Chris and my rentals have been running for 12+ years and we've had over 6,000 bookings. In that time the most expensive damage claims we've made is a $800 fridge screen (one of those stupid touch-screens on the front of fancy fridges that are more trouble than they're worth) and a $700 love seat. Cracked windows, broken doors, damage to lawns, deck boards, floor scratches, stained sheets, etc - all are never more than a few hundred bucks at most. Having 10 grand of coverage is pointless if you never use all that.

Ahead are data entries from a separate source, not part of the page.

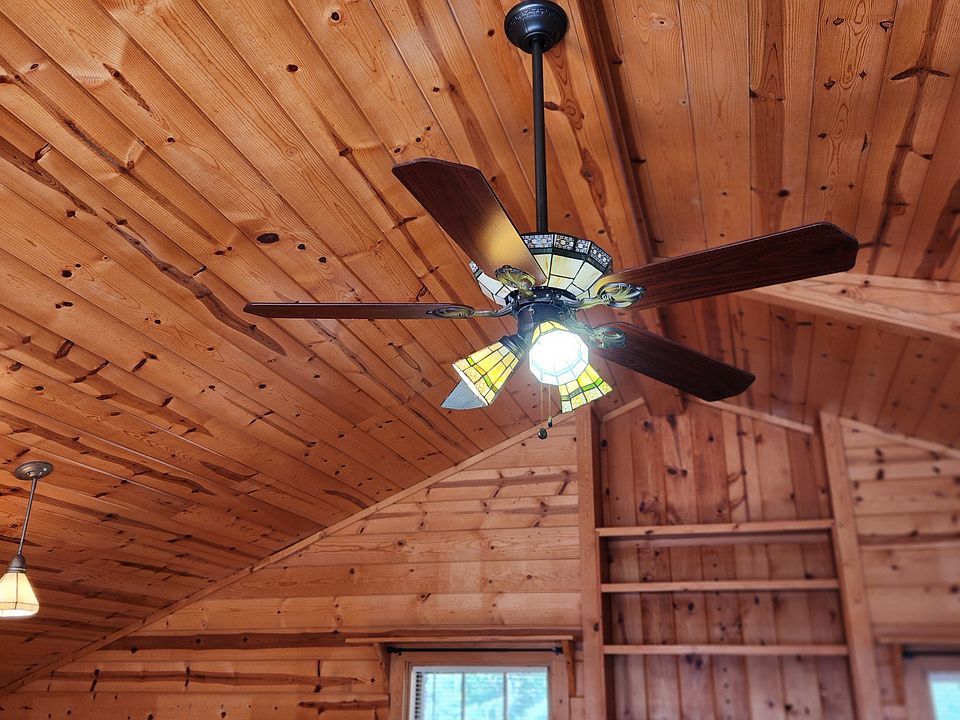 A beautiful ceiling fan and shelving grace the architecture of the home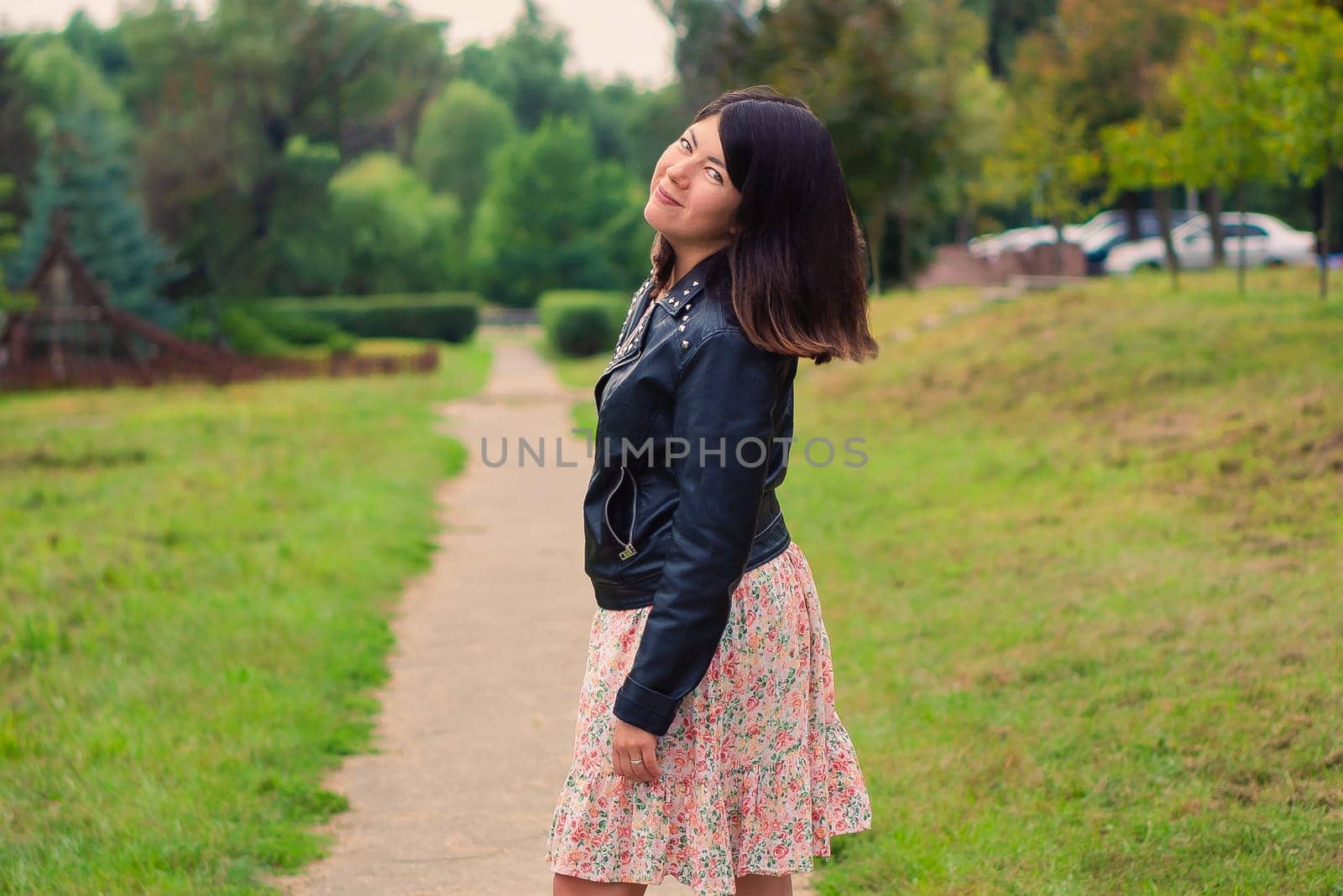 young pretty brunette woman with beautiful long hair in the park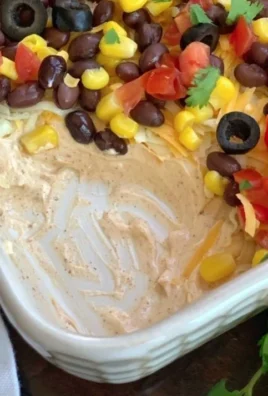 Delicious 7 Layer Taco Dip served in a bowl, perfect for parties and gatherings.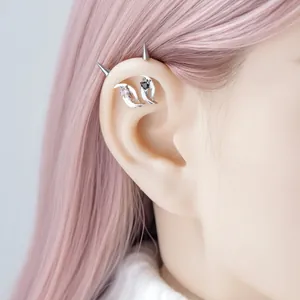 F136 titanium alloy ear piercing jewelry set featuring angel wings and spiked punk studs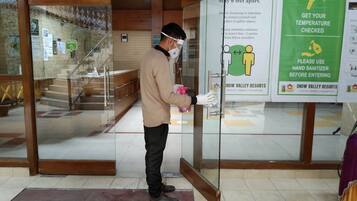 A person cleaning a glass door at a resort entrance.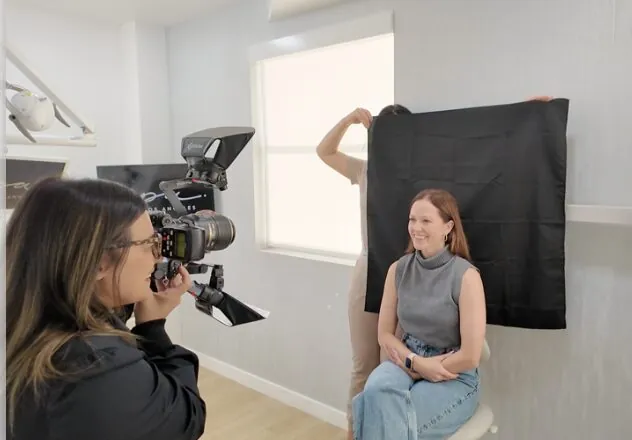 Dr. Andi-Jean Miro taking smile design photographs of a patient before porcelain veneers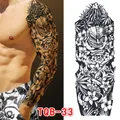 Polynesian style full arm temporary tattoo with Tiki masks and palm leaf patterns - Tribal Mask Floral Style (TQB-33)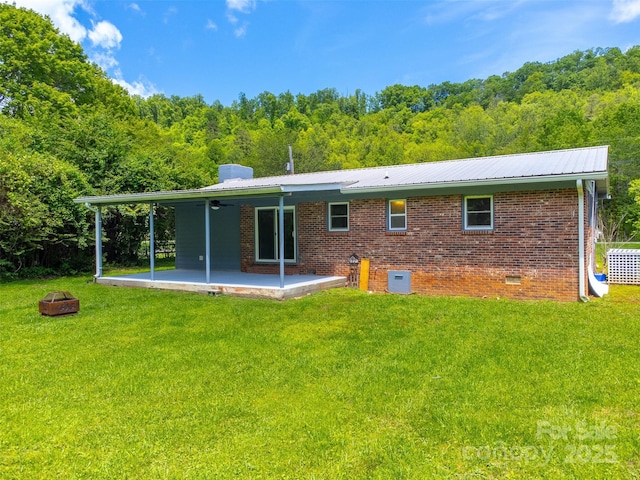 285 Painter Rd S, Cullowhee, NC 28723 - back of house with an outdoor fire pit, a patio area, a lawn, brick siding, and metal roof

PS. Our regular HOI insurance on the houses covers really big stuff with a 500/1000 deductible (and short term renter/liability is specifically mentioned as a named coverage) so anything that would be 10 grand we can cover with that.

Mar 25, 19
8:06 pm
Paul W says:

....but that's not to say that it isn't a good deal. I should add that that price ($29 for 10k coverage and other background checks) is quite good. I wonder if that's a spread risk model where they require that it be paid for on all bookings. I would think it would have to be.

Mar 25, 19
8:48 pm
BlueMtnCabins says:

It is a great deal. I dont know about your area. But I have posted before - in our Smoky mountains group a lady just had her window bashed out to a tune of $1400 . Most of our insurance policies have typical $2500 deductible so that is not high enough to claim form insurance, but not a small peanuts either. I guess it depends. If you have small 1bd cottages, it is less likely. With group cabins you are bound to have rowdy people and damage no matter how much you try to screen. So while this particular option may be an overkill, I am starting to think about the ARDI option.